Sur les conséquences de la rupture
La société Sobeca, qui est à l’origine de la rupture du contrat de travail, sera déboutée de sa demande en paiement d’une indemnité compensatrice de préavis.
En revanche, M. [E] [N] est fondé à réclamer le paiement d’une indemnité compensatrice du préavis dont il a été privé, correspondant aux rémunérations qu’il aurait perçues s’il était resté au service de la société Sobeca durant deux mois. Compte tenu de son salaire de référence, soit 2 443,94 euros, il convient de lui allouer à ce titre la somme totale de 5 376,67 euros correspondant aux salaires et indemnités de congés payés qu’il aurait perçues.
M. [E] [N] est également fondé à réclamer le paiement de l’indemnité légale de licenciement, plus favorable que celle prévue par la convention collective nationale des ouvriers des travaux publics.
Compte tenu de son ancienneté dans l’entreprise à la date de la rupture du contrat de travail et du montant de sa rémunération au cours de l’année ayant précédé la rupture, il convient de lui allouer à ce titre la somme de 5 275 euros.
Par ailleurs, M. [E] [N] ne justifie pas de conséquences particulières de la rupture du contrat de travail sur sa situation personnelle ; au regard de son ancienneté dans l’entreprise, de la rémunération qu’il percevait et de son âge à la date de la rupture du contrat de travail, il convient de lui allouer une indemnité de 8 000 euros par application de l’article L. 1235-3 du code du travail.

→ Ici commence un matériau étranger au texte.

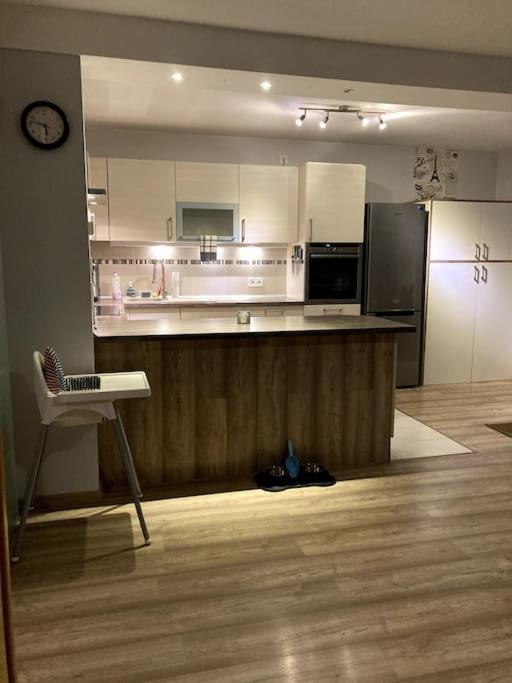 Grosse Wohnkueche, Terrasse, Schlafzimmer Am Steinhuder Meer, Wlan, Parkplatz, Fussbodenheizung, 70Qm Wunstorf Buitenkant foto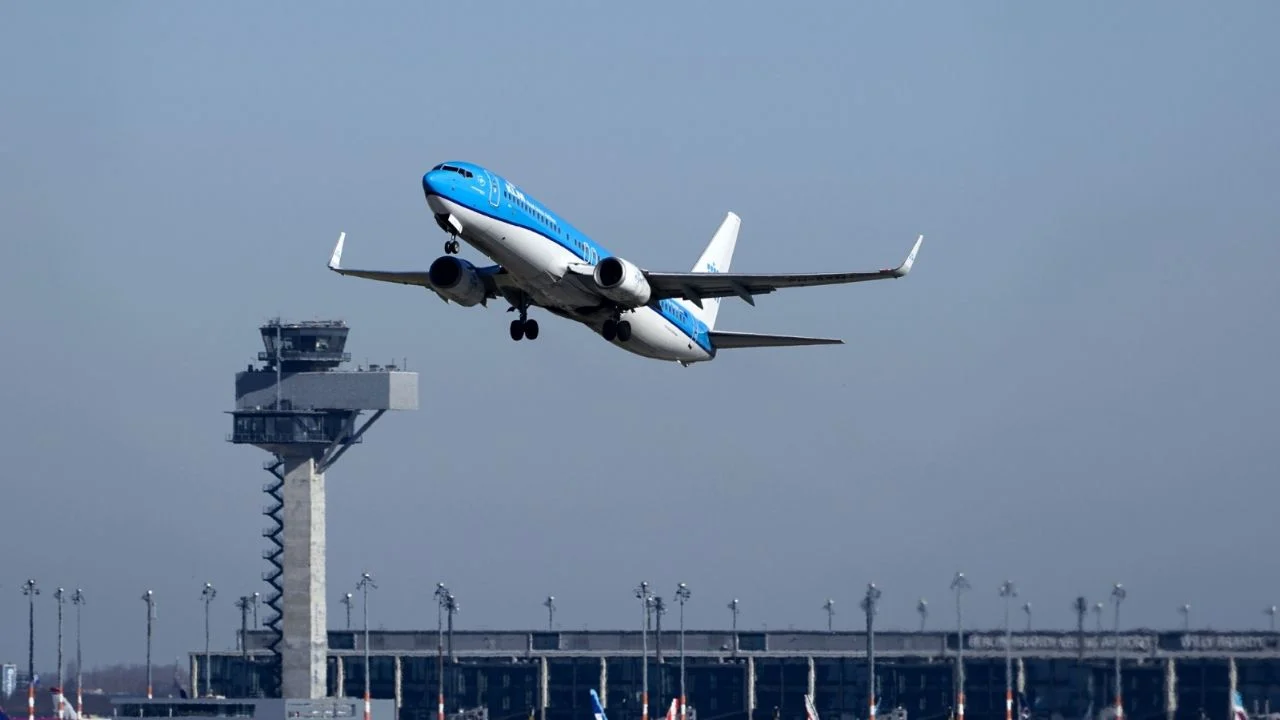 Aeropuerto de Berlín suspende operaciones 45 minutos por objeto no identificado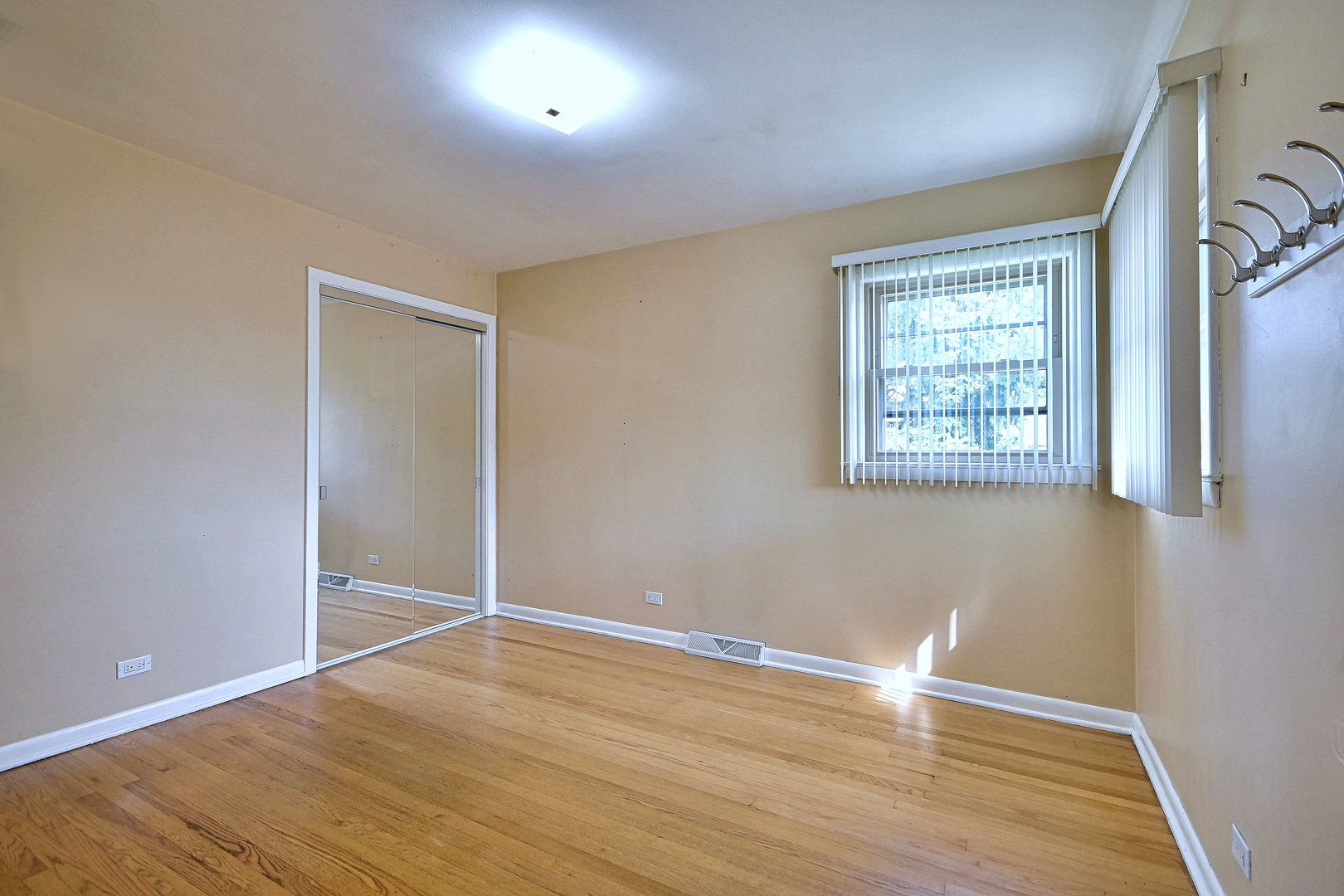 5719 N Orange Avenue Property Photo 16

Sur les dépens et les autres frais de procédure
La société Sobeca, qui succombe, sera condamnée aux dépens de première instance et aux dépens d’appel, conformément à l’article 696 du code de procédure civile.

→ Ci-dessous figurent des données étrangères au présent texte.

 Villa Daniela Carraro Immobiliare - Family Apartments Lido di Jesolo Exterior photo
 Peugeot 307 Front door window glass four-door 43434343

Selon l’article 700 1° de ce code, le juge condamne la partie tenue aux dépens ou qui perd son procès à payer à l’autre partie la somme qu’il détermine au titre des frais exposés et non compris dans les dépens ; le juge tient compte de l’équité ou de la situation économique de la partie condamnée.

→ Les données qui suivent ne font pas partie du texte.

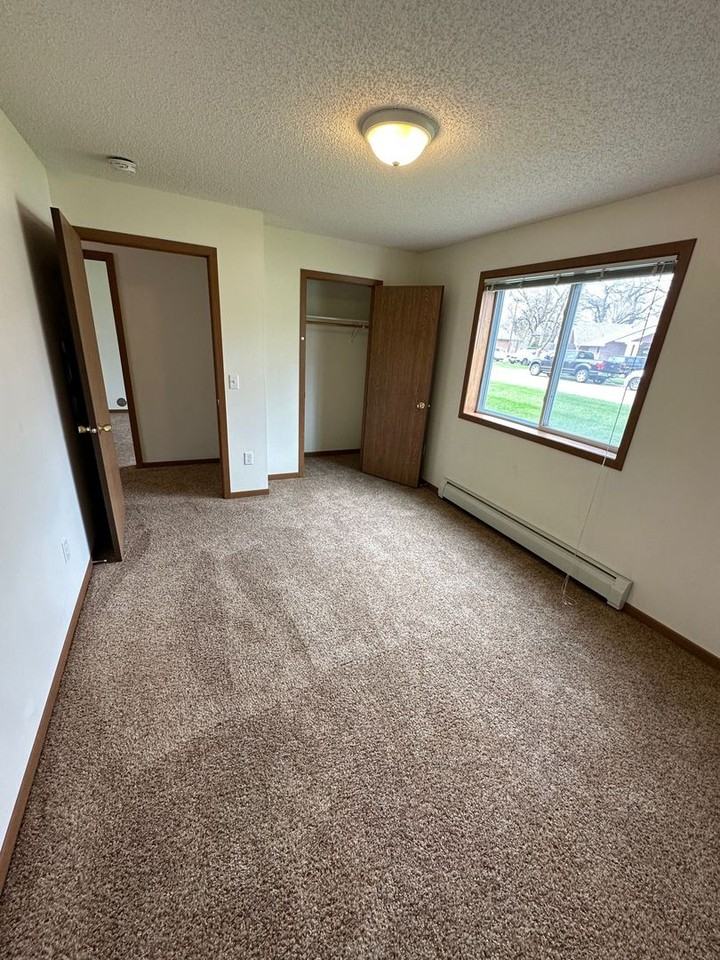 2610 Cardinal Ave #104 - Photo 4 of 8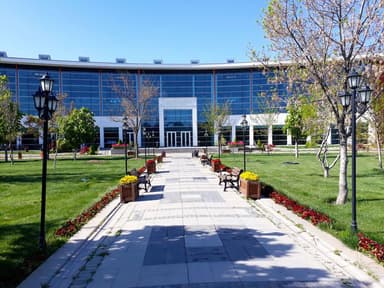 Atilim University Programs - Ranking & Tuition Fees  campus outside جامعة اتيليم  في انقرة- رسوم التخصصات  - ترتيب الجامعة  1.jpg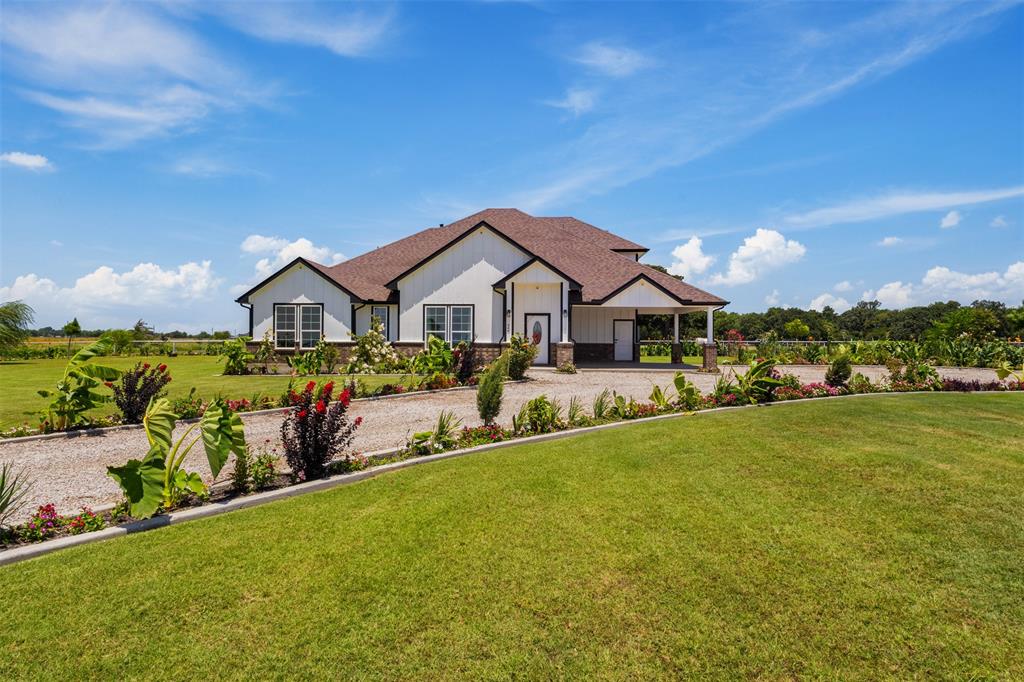 233 Private Road #7786
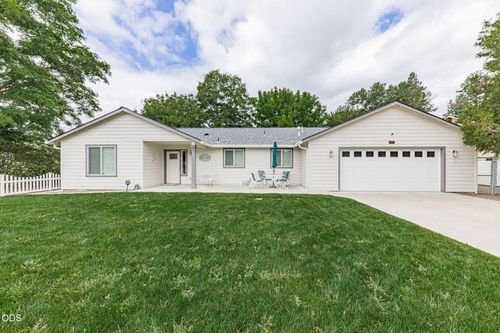 403 Berglund St, Rogue River, OR, 97537-8502 | Card Image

Les circonstances de l’espèce justifient de condamner la société Sobeca à payer à M. [E] [N] une indemnité de 2 000 euros au titre des frais exclus des dépens exposés à l’occasion du présent procès ; elle sera elle-même déboutée de ses demandes à ce titre.
PAR CES MOTIFS
La cour, statuant après débats en audience publique, par arrêt contradictoire,
INFIRME le jugement déféré en ses dispositions frappées d’appel ;
Et, statuant à nouveau,
DIT que la prise d’acte de rupture du contrat de travail produit les effets d’un licenciement sans cause réelle et sérieuse ;
DÉBOUTE la société Sobeca de sa demande en paiement d’une indemnité compensatrice de préavis ;
CONDAMNE la société Sobeca à payer à M. [E] [N] :
1) la somme de 5 376,67 euros (cinq mille trois cent soixante seize euros et soixante sept centimes) à titre d’indemnité compensatrice de préavis,
2) la somme de 5 275 euros (cinq mille deux cent soixante quinze euros) à titre d’indemnité de licenciement,
3) la somme de 8 000 euros (huit mille euros) à titre d’indemnité pour licenciement sans cause réelle et sérieuse ;
CONDAMNE la société Sobeca aux dépens de première instance et d’appel ainsi qu’à payer à M. [E] [N] une indemnité de 2 000 euros (deux mille euros), par application de l’article 700 du code de procédure civile, et la déboute de ses demandes à ce titre.
Ledit arrêt a été prononcé par mise à disposition au greffe le 10 septembre 2024, signé par Monsieur Emmanuel Robin, Président de Chambre et Madame Claire Bessey, Greffier.